He pushed his hands into his pockets. “Haley.” The way he said my name, taking his time, rolling it over his tongue, as if tasting it, caused something to unfurl inside me. “Prison is not for girls like you. You won’t last an hour in that place. Stay here where you’re safe. I have the power to protect you.”
Before the jet had taken off, he had asked for my I.D., glanced at it briefly, and handed it back to me. That was how he knew my name. And yet he had refused to tell me his.
“What if someone saw me?” The words tumbled out of my mouth. “What if they went to the police?”
“I understand that you’re afraid. I can make it all go away. But you’ll have to trust me.”
I was quiet for a long heartbeat, and then I raised my gaze to meet his. “Why are you doing this? You don’t even know me.”

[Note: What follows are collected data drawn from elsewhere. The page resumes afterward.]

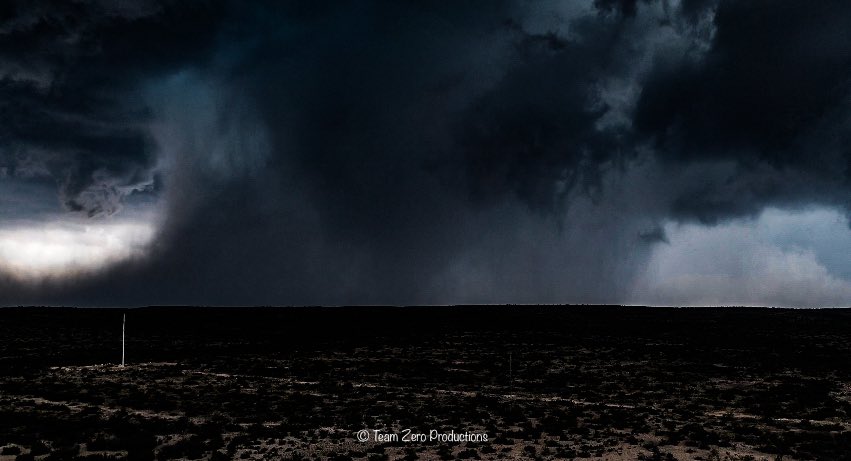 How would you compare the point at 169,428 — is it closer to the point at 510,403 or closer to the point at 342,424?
the point at 342,424

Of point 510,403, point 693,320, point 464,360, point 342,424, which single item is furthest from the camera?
point 693,320

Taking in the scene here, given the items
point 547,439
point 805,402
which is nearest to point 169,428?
point 547,439

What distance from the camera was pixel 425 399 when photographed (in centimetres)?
3641

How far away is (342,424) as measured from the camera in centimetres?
2831

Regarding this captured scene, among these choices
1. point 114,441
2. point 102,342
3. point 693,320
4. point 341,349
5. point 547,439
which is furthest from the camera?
point 693,320

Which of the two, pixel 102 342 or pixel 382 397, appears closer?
A: pixel 382 397

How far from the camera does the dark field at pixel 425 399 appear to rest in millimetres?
24062

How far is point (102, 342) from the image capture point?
80438mm

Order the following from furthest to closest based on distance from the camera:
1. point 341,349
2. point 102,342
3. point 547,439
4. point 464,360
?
1. point 102,342
2. point 341,349
3. point 464,360
4. point 547,439

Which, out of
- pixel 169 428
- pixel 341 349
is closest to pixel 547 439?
pixel 169 428

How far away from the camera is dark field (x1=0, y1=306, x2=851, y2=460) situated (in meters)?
24.1

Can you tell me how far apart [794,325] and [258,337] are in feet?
314

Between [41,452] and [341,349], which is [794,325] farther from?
[41,452]

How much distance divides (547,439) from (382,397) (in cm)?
1375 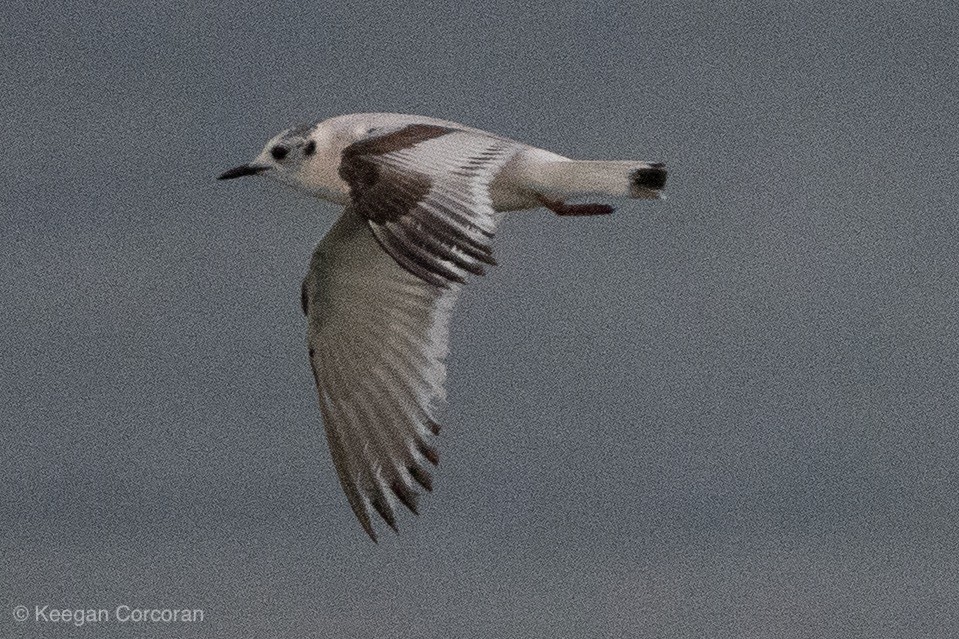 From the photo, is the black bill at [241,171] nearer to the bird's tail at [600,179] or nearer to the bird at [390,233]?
the bird at [390,233]

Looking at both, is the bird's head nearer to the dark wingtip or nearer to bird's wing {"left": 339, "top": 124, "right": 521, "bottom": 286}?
bird's wing {"left": 339, "top": 124, "right": 521, "bottom": 286}

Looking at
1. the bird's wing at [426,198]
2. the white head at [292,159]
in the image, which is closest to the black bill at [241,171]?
the white head at [292,159]

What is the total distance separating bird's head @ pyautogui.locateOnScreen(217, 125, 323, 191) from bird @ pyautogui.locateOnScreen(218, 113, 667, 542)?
1cm

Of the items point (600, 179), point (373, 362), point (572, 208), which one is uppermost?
point (600, 179)

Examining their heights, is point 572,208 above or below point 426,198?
below

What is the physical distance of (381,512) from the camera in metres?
16.1

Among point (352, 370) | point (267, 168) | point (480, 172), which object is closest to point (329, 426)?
point (352, 370)

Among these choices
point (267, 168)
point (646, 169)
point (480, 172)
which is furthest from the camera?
point (267, 168)

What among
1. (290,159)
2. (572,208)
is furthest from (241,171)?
(572,208)

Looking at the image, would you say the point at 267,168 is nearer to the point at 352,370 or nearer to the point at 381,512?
the point at 352,370

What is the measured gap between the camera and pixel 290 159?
16.3 m

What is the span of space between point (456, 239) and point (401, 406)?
3760 millimetres

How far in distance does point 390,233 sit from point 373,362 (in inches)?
156

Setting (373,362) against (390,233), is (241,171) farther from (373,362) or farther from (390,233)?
(390,233) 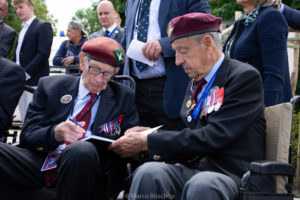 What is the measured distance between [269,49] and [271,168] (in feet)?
4.72

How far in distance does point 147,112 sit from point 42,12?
142ft

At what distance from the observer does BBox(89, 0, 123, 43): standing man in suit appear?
20.7ft

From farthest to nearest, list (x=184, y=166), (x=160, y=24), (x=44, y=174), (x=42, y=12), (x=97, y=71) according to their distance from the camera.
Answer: (x=42, y=12) < (x=160, y=24) < (x=97, y=71) < (x=44, y=174) < (x=184, y=166)

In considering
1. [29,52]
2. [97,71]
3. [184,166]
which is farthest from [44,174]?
[29,52]

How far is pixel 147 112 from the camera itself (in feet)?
12.4

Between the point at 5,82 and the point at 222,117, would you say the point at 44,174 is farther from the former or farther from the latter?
the point at 222,117

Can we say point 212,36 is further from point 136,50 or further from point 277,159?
point 136,50

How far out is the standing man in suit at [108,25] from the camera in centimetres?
630

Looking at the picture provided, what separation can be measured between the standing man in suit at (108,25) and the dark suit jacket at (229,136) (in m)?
3.78

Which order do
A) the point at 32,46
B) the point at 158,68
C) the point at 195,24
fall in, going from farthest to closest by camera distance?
1. the point at 32,46
2. the point at 158,68
3. the point at 195,24

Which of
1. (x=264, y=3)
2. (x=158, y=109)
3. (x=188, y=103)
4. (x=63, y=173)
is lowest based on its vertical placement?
(x=63, y=173)

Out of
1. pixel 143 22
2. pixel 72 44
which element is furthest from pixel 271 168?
pixel 72 44

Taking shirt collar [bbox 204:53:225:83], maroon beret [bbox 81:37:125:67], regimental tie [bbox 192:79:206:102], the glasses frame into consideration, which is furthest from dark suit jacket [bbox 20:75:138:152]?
shirt collar [bbox 204:53:225:83]

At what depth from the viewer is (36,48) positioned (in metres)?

He tilted his head to one side. “I’m a good person. Good people help others. When I met you yesterday, you were lost, you needed someone to help you. I did just that.” His expression grew serious once more. “Now you have to allow me to finish that job.”
“Once you make it go away, can I return home?” Where was home anyway? The closet apartment in Serendipity which I was on the verge of being thrown out of for not paying the rent for three months? For all I knew, the landlord, who always reeked of old beer, had already tossed out my stuff. Honestly, I had nowhere to go. I had no one. No friends, no family, just me.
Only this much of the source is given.